Exercise directions:
Your answer must consist solely of the lines from the start of the entries below through the line with "So database imported", unchanged.

Provided data:
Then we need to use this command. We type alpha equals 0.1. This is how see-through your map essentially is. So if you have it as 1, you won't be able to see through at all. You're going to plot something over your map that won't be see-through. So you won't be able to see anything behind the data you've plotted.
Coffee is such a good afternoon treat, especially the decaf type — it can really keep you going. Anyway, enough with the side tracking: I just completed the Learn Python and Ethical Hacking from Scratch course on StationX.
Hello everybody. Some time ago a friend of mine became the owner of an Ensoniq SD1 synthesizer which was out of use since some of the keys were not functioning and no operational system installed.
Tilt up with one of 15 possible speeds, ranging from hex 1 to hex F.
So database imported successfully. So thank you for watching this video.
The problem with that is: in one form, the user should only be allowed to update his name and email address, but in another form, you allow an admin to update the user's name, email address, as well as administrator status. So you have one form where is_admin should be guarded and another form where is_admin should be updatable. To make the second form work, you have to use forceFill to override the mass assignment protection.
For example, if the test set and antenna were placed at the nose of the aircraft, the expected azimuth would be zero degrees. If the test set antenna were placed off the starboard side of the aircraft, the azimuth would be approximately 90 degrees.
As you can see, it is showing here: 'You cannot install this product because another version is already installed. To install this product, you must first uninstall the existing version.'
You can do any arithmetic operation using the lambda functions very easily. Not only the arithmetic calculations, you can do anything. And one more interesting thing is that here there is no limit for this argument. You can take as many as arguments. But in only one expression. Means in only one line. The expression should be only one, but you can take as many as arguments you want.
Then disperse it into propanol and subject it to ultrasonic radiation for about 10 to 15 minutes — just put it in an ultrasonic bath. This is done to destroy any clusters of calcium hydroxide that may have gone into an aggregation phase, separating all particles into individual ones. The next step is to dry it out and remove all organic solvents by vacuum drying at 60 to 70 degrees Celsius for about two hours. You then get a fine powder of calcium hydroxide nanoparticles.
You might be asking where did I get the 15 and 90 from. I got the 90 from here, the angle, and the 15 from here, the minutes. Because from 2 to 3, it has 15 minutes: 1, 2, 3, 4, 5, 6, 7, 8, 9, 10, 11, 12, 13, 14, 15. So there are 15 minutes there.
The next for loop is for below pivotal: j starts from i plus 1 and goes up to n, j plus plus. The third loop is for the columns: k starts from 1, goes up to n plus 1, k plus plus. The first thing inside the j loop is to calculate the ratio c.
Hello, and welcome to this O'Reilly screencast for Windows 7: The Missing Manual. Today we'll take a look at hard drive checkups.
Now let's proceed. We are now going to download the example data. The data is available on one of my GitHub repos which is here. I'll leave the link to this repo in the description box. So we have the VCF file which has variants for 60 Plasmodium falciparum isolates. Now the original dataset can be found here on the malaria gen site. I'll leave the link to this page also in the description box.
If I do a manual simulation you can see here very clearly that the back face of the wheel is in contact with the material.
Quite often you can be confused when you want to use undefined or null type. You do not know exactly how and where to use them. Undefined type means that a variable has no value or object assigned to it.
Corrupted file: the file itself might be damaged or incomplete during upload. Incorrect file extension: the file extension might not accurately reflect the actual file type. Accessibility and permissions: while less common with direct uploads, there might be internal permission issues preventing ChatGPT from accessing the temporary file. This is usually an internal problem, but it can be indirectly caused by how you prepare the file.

Solution for this task:
Then we need to use this command. We type alpha equals 0.1. This is how see-through your map essentially is. So if you have it as 1, you won't be able to see through at all. You're going to plot something over your map that won't be see-through. So you won't be able to see anything behind the data you've plotted.
Coffee is such a good afternoon treat, especially the decaf type — it can really keep you going. Anyway, enough with the side tracking: I just completed the Learn Python and Ethical Hacking from Scratch course on StationX.
Hello everybody. Some time ago a friend of mine became the owner of an Ensoniq SD1 synthesizer which was out of use since some of the keys were not functioning and no operational system installed.
Tilt up with one of 15 possible speeds, ranging from hex 1 to hex F.
So database imported successfully. So thank you for watching this video.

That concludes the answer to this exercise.